Tracking cards are used to identify what type of predators are roaming around your backyard or in the bush. Tracking cards and tunnels are specifically designed for tracking small mammals such as mice, rats and stoats. They can be used before and after predator control to measure its effectiveness.
How do tracking tunnels work?
Predators are encouraged into a tunnel by a lure in the middle of the tracking card. They walk across the sticky ink on the tracking card to reach the lure and leave high definition foot (and sometimes body) prints on the blank section of the card.
Prints on this section of the card do not smudge, so you can compare them to the reference print sheet provided to identify what type of predator has been in your tunnel.
What are the tunnels made of?
It depends on the model you purchase.
Typically tunnels are light, durable stand-alone corflute that come in flat sheets that need to be folded along crease lines to form the tunnel. Instructions are provided and they’re pretty easy to set up. The standard size is 500mm length and 100mm wide. Larger sizes are available, as are other models made from different materials. See where to purchase tracking tunnels.
Does the tracking card come with ink already on it?
Most suppliers stock pre-inked tracking cards.
Alternatively you can purchase plain tracking cards and ink separately and make them up yourself. Compare efficiency and price before deciding which option is best for you. Replacement tracking cards are sold separately.
What sort of lure should I use?
Peanut butter is the standard lure used to attract rats and mice. The lure for ferrets, stoats and hedgehogs is raw red meat or uncooked eggs.
Where should I put tracking tunnels?
Predators will use regular pathways in the grass, along fence lines, down the side of the house, near compost and waterways. It’s best to space them no more than 50 metres apart. If you don’t have multiple tunnels, be selective where you place your tunnel.

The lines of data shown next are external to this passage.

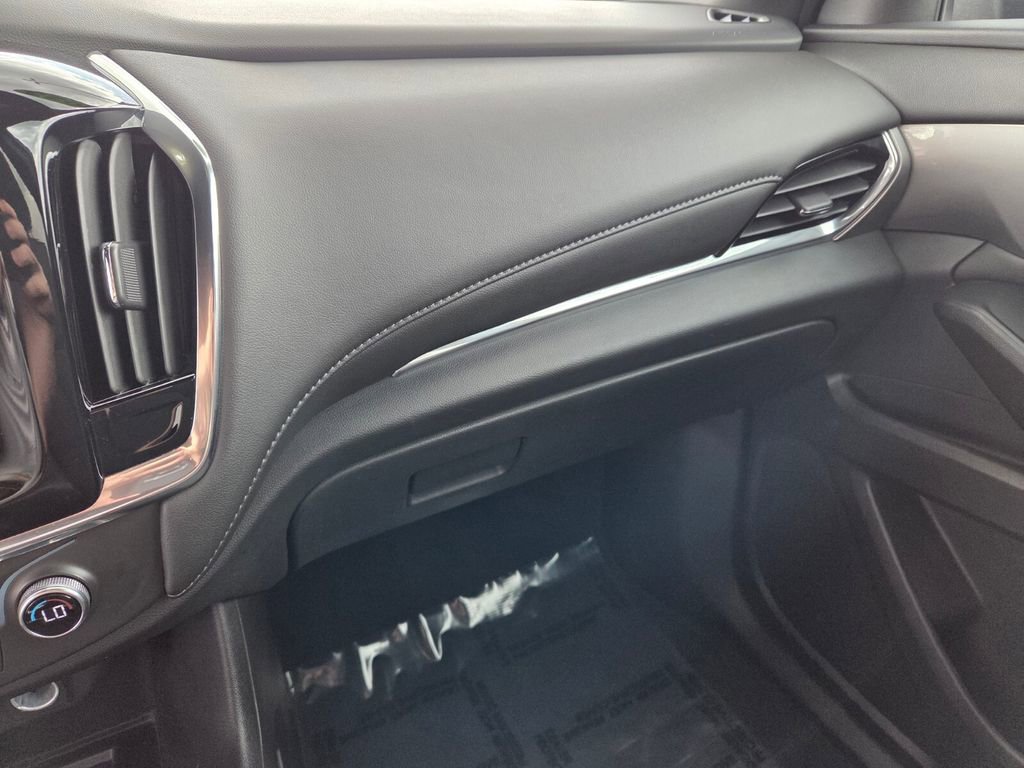 Certified 2023 Chevrolet Traverse LT FWD image 27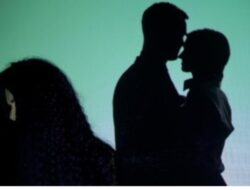 Dugaan Perselingkuhan Picu Emosi Warga, Kades di TTS Dikeroyok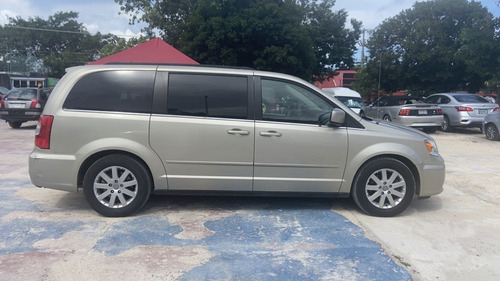 Imagen 15 de 15 de Chrysler Town & Country Lx 2014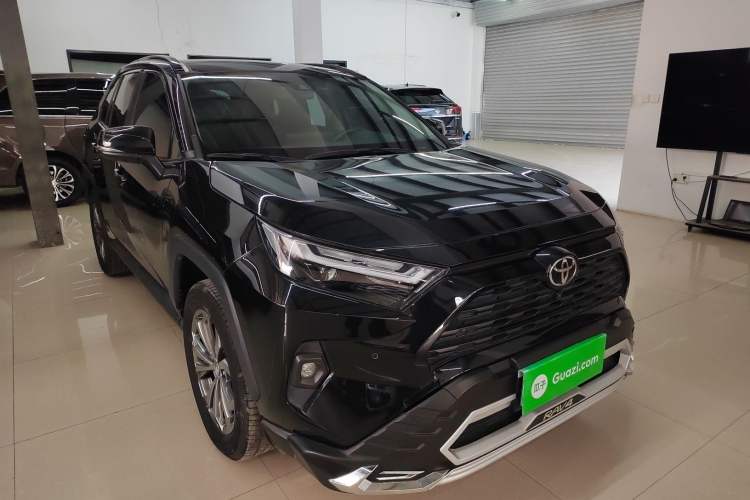 Used Toyota RAV4 2023 2.0L CVT Two-Wheel Drive Fashion Plus Edition
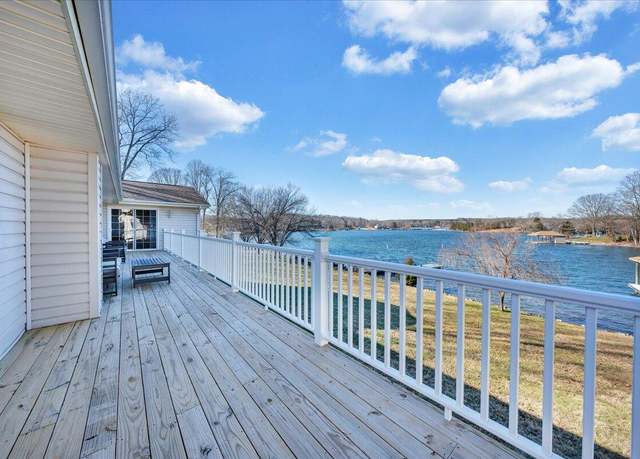 Property at 350 Tracy Dr, Moneta, VA 24121, 6 beds, 2.5 baths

How long do I leave them out?
As a general rule the manufacturer suggests one night. If you don’t get a result, try moving them to a different position and leave out for another night.
How do I read the prints?
Read ‘How to read prints from tracking tunnels, and a guide to footprints of common species‘ (PDF, 877 KB) by Manaaki Whenua.
Compare the prints from your tracking card with those on the reference sheet to identify what predator has been in your tunnel. Be aware that you may have multiple predators roaming around the area.
Where can I buy tracking tunnels and pre-inked tracking cards from?
Tracking cards and tunnels are inexpensive and the cost will depend on the model, and whether cards are pre-inked or not.
Should I use tracking tunnels instead of chew cards?
Chew cards and tracking cards and tunnels have a common purpose: to identify what type of predator(s) you have and therefore what you will need to start trapping. Tracking cards and tunnels are specifically designed for tracking small mammals such as mice, rats and stoats. So if you think your problem is with possums, go with chew cards (or wax tags for large areas).
The tracking cards are also useful once your trapping programme is in place. By replacing the tracking card you can detect the presence of lizards, wētā and other insects to confirm predators have been removed.
Now that you’ve identified which predators are in the area, do some research to find the trap that best suits your budget and capability. Some people are very comfortable handling predators and others are not. For that reason, there are a variety of different trap options available. Read our section ‘start trapping and baiting‘.
Note: When placing rat traps in urban backyards ensure your trap is placed in a tunnel to protect children and pets/native birds from harm.